__What is expected__: Each line of the material must be repeated precisely, with the pictures left out.

__Given information__:
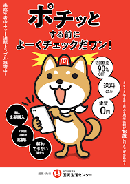 写真：ポチッとする前によーくチェックだワン！チラシ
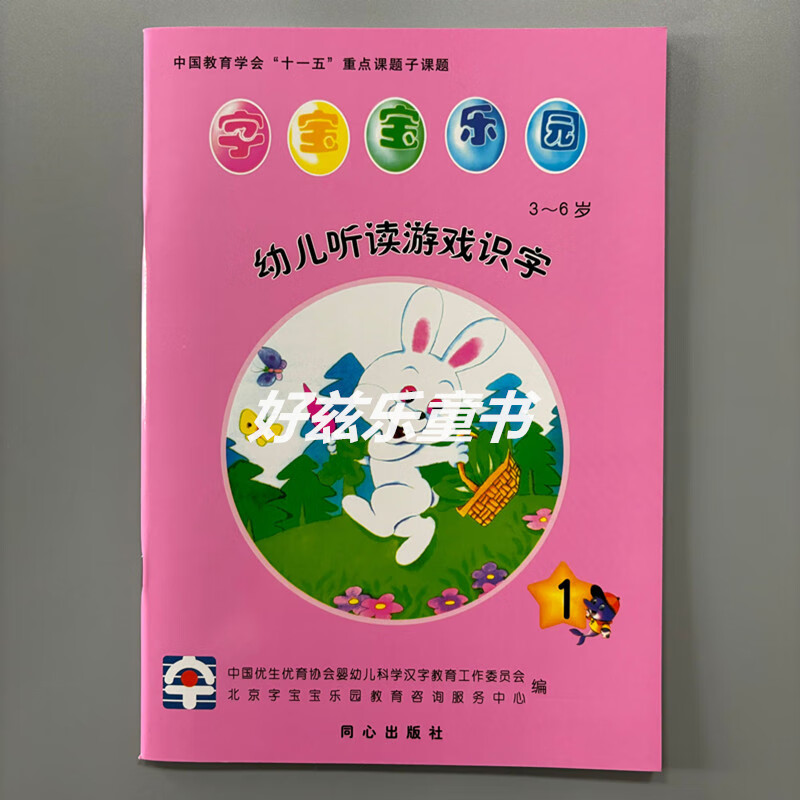 乐园幼儿听读游戏识字 123456册小中大班上下册3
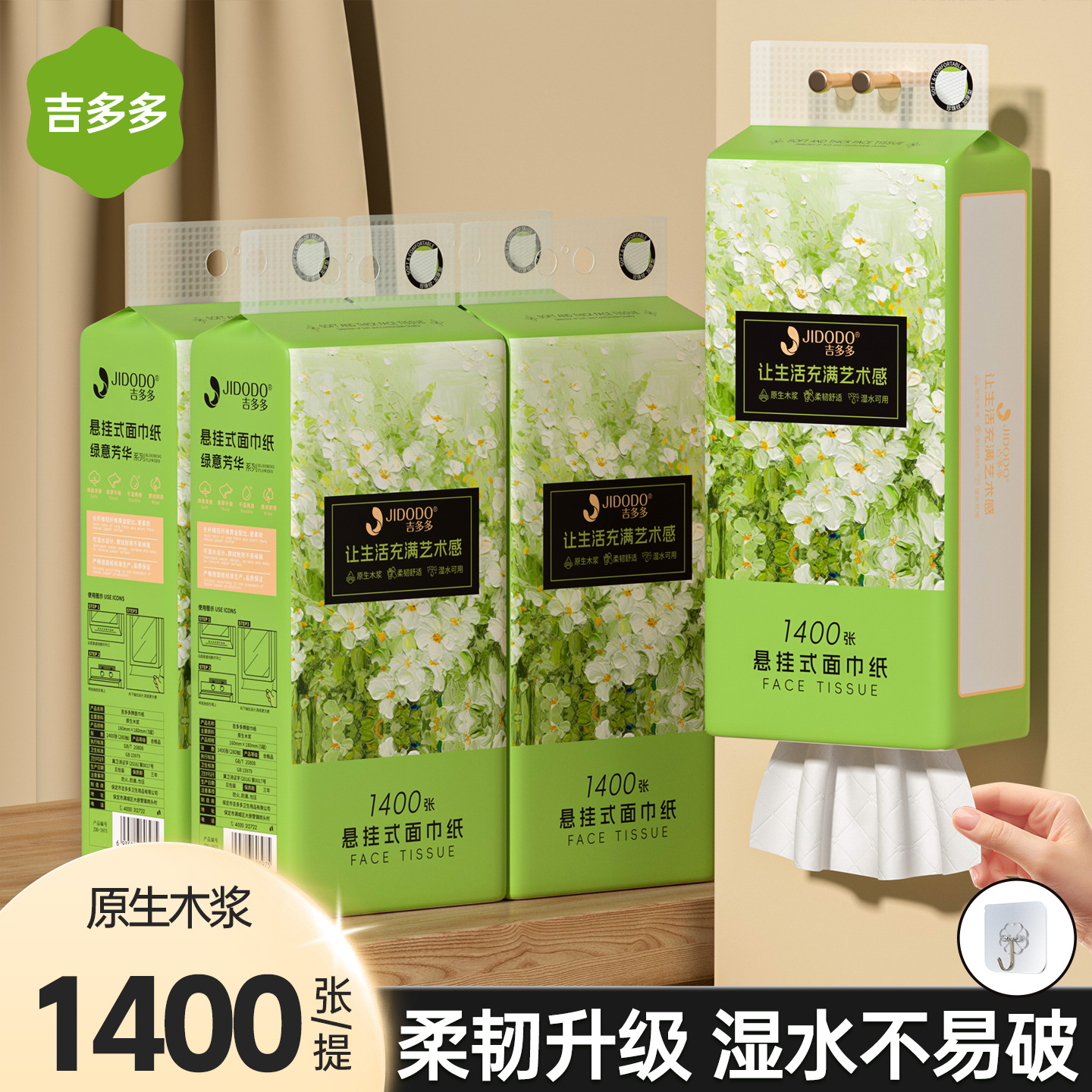 吉多多抽纸悬挂式卫生纸家用实惠装纸巾纸抽整箱餐巾纸大包厕纸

__Response area__:
 写真：ポチッとする前によーくチェックだワン！チラシ
 乐园幼儿听读游戏识字 123456册小中大班上下册3
 吉多多抽纸悬挂式卫生纸家用实惠装纸巾纸抽整箱餐巾纸大包厕纸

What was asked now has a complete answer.